La vicenda, venuta alla luce attraverso fotografie diffuse dai portuali stessi, ha immediatamente scatenato un’ondata di sconcerto e preoccupazione, sfociata nel blocco dei varchi Etiopia e Ponente, con conseguenti ripercussioni sul traffico pesante diretto al porto.
L’Usb ha formalizzato un esposto alle autorità competenti, richiedendo un’immediata verifica della regolarità della documentazione di carico e il rispetto delle normative vigenti.
Le prime rassicurazioni, giunte dalle autorità, hanno affermato che le armi non sarebbero state destinate a Israele e che la documentazione sarebbe risultata conforme.

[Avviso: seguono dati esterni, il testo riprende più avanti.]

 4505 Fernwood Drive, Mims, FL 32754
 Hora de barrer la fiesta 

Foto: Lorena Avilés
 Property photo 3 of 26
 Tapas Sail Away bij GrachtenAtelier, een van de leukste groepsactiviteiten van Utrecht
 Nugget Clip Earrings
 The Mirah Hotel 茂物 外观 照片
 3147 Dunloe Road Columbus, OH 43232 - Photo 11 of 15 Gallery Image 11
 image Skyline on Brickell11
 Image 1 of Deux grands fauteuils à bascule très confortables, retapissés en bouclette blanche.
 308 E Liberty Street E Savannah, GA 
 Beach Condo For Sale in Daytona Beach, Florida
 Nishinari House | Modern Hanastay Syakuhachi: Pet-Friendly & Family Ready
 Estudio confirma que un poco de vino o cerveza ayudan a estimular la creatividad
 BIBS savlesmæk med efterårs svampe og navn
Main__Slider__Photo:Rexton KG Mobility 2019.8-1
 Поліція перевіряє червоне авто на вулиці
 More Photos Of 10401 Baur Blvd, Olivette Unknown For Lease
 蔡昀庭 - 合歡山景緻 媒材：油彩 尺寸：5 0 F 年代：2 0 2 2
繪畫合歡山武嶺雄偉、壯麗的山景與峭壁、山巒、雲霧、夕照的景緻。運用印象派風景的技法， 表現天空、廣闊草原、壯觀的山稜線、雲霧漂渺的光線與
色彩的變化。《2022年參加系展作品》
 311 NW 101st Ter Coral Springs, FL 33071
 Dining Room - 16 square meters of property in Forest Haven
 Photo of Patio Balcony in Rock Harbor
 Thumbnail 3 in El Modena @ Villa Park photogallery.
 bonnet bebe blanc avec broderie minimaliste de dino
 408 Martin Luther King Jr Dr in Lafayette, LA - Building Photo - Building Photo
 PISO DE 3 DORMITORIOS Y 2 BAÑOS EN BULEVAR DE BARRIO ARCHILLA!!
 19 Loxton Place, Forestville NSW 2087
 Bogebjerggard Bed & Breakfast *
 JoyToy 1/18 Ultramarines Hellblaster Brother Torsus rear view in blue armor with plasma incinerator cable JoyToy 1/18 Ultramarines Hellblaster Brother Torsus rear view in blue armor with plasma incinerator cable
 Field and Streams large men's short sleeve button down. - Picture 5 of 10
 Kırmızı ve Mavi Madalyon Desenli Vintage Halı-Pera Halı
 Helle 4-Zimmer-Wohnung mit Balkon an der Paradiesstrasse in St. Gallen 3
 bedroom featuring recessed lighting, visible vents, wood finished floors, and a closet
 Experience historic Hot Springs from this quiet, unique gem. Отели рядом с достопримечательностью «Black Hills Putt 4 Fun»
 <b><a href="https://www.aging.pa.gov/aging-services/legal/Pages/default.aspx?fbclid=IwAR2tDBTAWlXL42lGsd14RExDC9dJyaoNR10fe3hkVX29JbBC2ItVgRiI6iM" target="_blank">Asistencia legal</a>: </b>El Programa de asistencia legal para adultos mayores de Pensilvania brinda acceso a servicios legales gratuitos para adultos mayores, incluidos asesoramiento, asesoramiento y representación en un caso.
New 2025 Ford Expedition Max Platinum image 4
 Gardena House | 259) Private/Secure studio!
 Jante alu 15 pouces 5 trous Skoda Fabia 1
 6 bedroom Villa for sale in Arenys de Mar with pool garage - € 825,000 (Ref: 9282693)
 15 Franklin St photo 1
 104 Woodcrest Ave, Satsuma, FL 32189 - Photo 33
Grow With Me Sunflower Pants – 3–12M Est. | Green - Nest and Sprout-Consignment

Tuttavia, la persistente storica alleanza tra Stati Uniti e Israele alimenta sospetti e richiede una trasparenza piena e inequivocabile.
Per placare le tensioni e garantire una verifica indipendente, è stata prospettata la possibilità di consentire a una ristretta delegazione sindacale di accedere alla documentazione di imbarco, un gesto che, se realizzato, rappresenterebbe un passo importante verso la risoluzione della questione.
Un ulteriore elemento di preoccupazione riguarda l’imminente imbarco di un cannone, destinato a una nave della Fincantieri con rotta verso il porto di Abu Dhabi.
Nonostante le precedenti rassicurazioni ricevute dall’Autorità di Sistema Portuale, l’Usb ha deciso di proclamare uno sciopero, per tutelare i lavoratori che potrebbero essere coinvolti nel caricamento dell’arma e per ribadire la propria posizione di fermo rifiuto.
La protesta non si limita a una specifica circostanza, ma riflette una più ampia critica alla trasformazione del porto di Genova in un hub logistico per il settore militare.
L’Usb rivendica con forza il diritto del porto a essere un centro propulsivo per il turismo, il commercio e lo sviluppo economico civile, escludendo con fermezza qualsiasi funzione legata al traffico di armamenti.
La protesta è un chiaro monito: il futuro del porto deve essere orientato al progresso sociale e alla prosperità pacifica, non al supporto di conflitti e dinamiche geopolitiche potenzialmente destabilizzanti.
L’impegno del sindacato è garantire che il porto di Genova rimanga un motore di sviluppo sostenibile e un simbolo di apertura al mondo, e non un punto nevralgico di interessi militari.